I am sitting on a wooden bench, looking out
At the lake through a tall screen of evergreens,
Or rather, looking out across the plane of the lake,
Seeing the light shaking upon the water
As if it were a shimmering of heat.
Yesterday, when I sat here, it was the same,
The same displaced out-of-season effect.
Seen twice it seemed a truth was being told.
Some of the trees I can see across the lake
Have begun to change, but it is as if the air
Had entirely given itself over to summer,
With the intention of denying its own proper nature.

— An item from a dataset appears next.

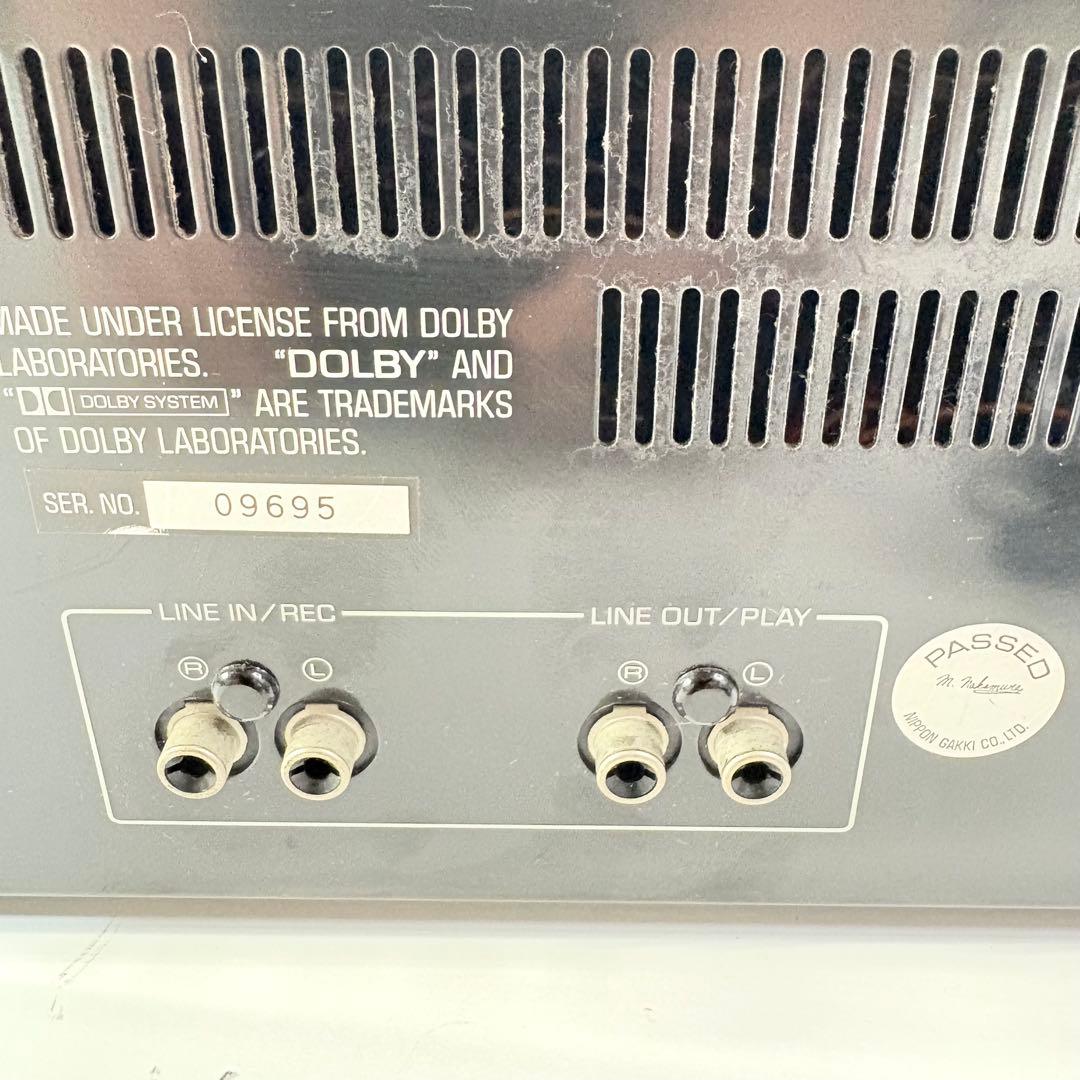 【動作品】 YAMAHA ヤマハ カセットデッキ K-1a デッキ(2080)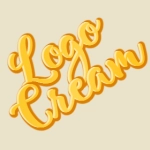 Teks karamel - font dengan efek krim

There is a breeze perfectly steady and persistent
Blowing in toward shore from the other side
Or from the world beyond the other side.
The mild sound of the little tapping waves
The breeze has caused—there’s something infantile
About it, a baby at the breast. The light
Is moving and not moving upon the water.
The breeze picks up slightly but still steadily,
The increase in the breeze becomes the mild
Dominant event, compelling with sweet oblivious
Authority alterations in light and shadow,
Alterations in the light of the sun on the water,
Which becomes at once denser and more quietly
Excited, like a concentration of emotions
That had been dispersed and scattered and now were not.

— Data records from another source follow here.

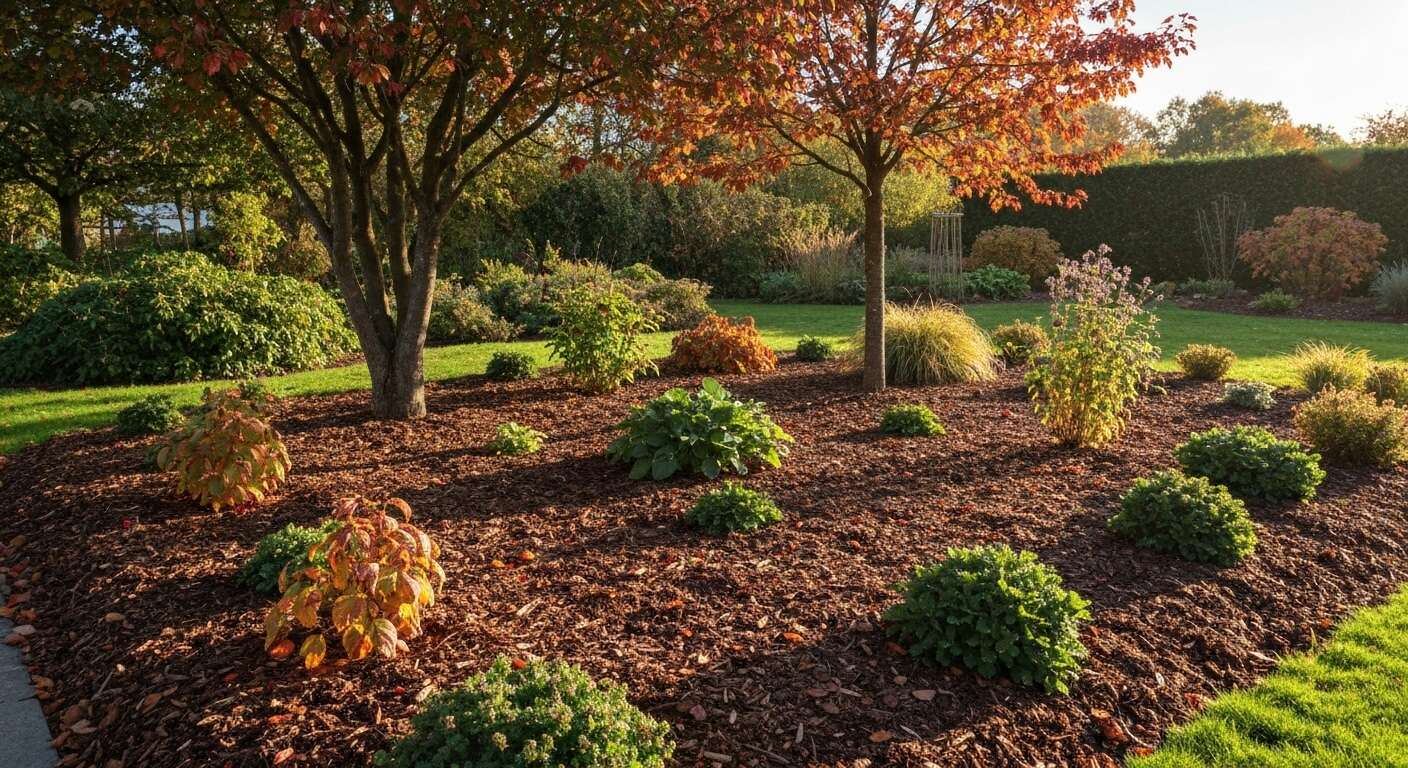 Mon paillage d'automne à 0€ que tous mes voisins me copient désormais pour un jardin sans entretien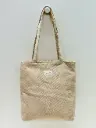 La Matilda Bolsa Tote Bag Espiga Beige Unicolor 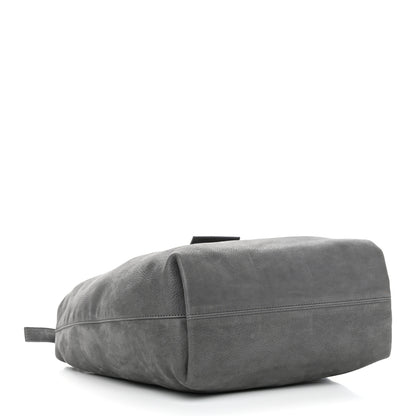 Fendi Vitello Savana Forever Hobo Grigio Tartaruga Natural 4 of 13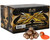 DXS Gold 2,000 Round Paintball Case - Gold Shell w/ Tournament Orange Fill ( .68 Caliber )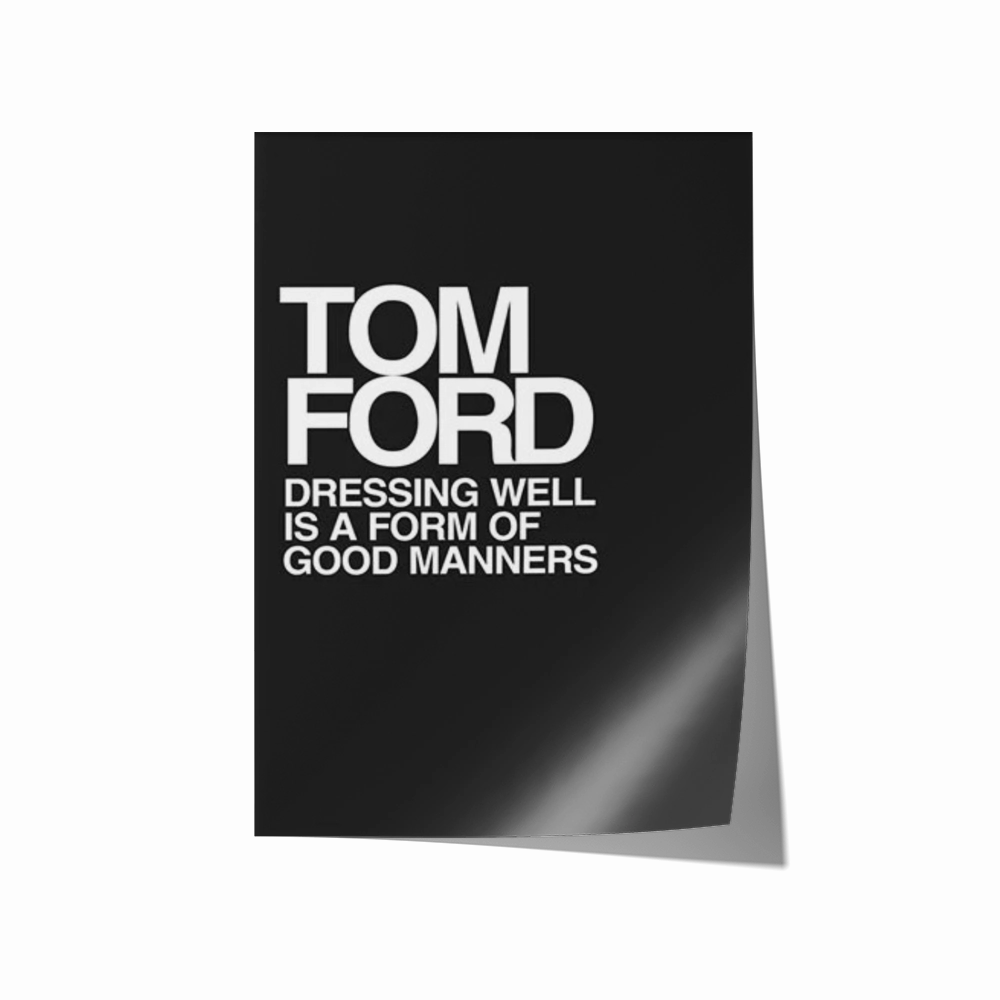 Poster Hub - Tom Ford Black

Then there’s the mitigation of the shadow of a cloud,
Phrases and even sentences are written,
But because of the breeze, and the turning of the year,
And the sense that this lake water, as it is being
Experienced on a particular day, comes from
Some source somewhere, beneath, within, itself,
Or from somewhere else, nearby, a spring, a brook,
Its pure origination somewhere else,
It is like an idea for a poem not yet written
And maybe never to be completed, because
The surface of the page is like lake water,
That takes back what is written on its surface,
And all my language about the lake and its
Emotions or its sweet obliviousness,
Or even its being like an origination,
Is all erased with the changing of the breeze
Or because of the heedless passing of a cloud. When, moments after she died, I looked into
Her face, it was as untelling as something natural,
A lake, say, the surface of it unreadable,
Its sources of meaning unrndable anymore.
Her mouth was open as if she had something to say;
But maybe my saying so is a figure of speech.

I’d like to read this poem several more times. Wow, that ending!